Banished from the hive

The cute boys of Third Beach, Vancouver

I suspect I was an entirely different person yesterday: First, a wasp stung me on my pinkie toe. Then, my son’s swimming instructor mistook me for my own daughter.

Sting #1

Not once in my life have I ever been stung by a bee or a wasp. This, despite my pasture-wandering childhood on a prairie farm. It was something a little special about me, I thought. Like still having a baby tooth. It was a sign of my affinity with nature. The bees knew me and I knew them.

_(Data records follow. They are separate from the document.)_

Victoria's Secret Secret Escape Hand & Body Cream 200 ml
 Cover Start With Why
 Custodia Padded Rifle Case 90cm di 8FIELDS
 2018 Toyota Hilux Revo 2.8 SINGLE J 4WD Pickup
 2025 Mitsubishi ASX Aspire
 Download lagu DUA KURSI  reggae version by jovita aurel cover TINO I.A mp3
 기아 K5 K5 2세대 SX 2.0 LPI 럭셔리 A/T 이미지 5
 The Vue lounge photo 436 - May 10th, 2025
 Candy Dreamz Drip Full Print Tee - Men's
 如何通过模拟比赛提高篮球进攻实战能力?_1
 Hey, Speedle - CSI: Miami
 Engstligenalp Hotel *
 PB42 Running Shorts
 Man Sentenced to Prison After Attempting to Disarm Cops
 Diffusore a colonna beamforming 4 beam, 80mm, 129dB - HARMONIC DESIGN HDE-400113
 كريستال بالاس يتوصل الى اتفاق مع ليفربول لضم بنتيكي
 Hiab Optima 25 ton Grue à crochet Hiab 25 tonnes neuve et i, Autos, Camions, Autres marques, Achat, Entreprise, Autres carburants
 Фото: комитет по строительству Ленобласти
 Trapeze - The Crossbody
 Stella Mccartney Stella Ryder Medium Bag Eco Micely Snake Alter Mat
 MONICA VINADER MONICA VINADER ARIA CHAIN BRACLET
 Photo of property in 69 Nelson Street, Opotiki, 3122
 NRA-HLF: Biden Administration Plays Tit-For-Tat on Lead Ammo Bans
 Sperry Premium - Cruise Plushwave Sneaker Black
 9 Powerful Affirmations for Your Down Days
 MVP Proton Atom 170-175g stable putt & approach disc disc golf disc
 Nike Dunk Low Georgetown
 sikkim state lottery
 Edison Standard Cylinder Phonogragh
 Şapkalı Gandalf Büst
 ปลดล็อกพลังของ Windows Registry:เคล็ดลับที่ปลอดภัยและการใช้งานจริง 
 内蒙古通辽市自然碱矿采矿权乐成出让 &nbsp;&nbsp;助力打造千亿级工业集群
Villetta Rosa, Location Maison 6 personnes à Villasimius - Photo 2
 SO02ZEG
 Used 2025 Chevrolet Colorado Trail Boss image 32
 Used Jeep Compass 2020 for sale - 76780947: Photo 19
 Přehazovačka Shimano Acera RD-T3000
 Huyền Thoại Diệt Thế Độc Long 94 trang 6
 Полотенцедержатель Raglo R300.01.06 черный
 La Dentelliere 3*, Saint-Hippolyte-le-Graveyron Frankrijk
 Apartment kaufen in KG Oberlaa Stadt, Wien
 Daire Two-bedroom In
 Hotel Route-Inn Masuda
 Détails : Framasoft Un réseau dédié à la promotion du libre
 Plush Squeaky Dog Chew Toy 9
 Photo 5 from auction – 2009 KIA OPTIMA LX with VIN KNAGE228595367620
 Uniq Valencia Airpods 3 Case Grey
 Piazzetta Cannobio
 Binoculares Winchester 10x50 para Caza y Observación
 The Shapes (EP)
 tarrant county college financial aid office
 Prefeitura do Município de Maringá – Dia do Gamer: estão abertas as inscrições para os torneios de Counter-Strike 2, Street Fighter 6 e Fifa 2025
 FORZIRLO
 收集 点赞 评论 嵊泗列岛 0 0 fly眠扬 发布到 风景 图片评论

I even had a special story to prove it. In my twenties, I decided to live rough in Montana for a few weeks with a very odd guy I had met just before leaving Taiwan. He never spoke, only looked at people sideways and kind of skulked along with his hands in his pockets. But one night I was unlucky enough (I thought) to sit next to him at an expat pub and no matter how bored I tried to look, he told me story after story of buying horses in Mongolia and riding the rails to Alaska. Eventually, I stopped grunting Hmmm at the wall of booze behind the bar and turned agog on my stool for the rest of the story. I began to think he was some kind of Clark Kent mystery man. Perhaps he had the secret power of camouflage.

It all contributed to the secret impression I had of myself, as a wonderful faeirie-touched being, trapped in my own awkward manner and speech. Perhaps I was the only one who could see his true value because of my special sight! (Yes, I see how the Twilight saga became so popular amongst awkward teen girls.)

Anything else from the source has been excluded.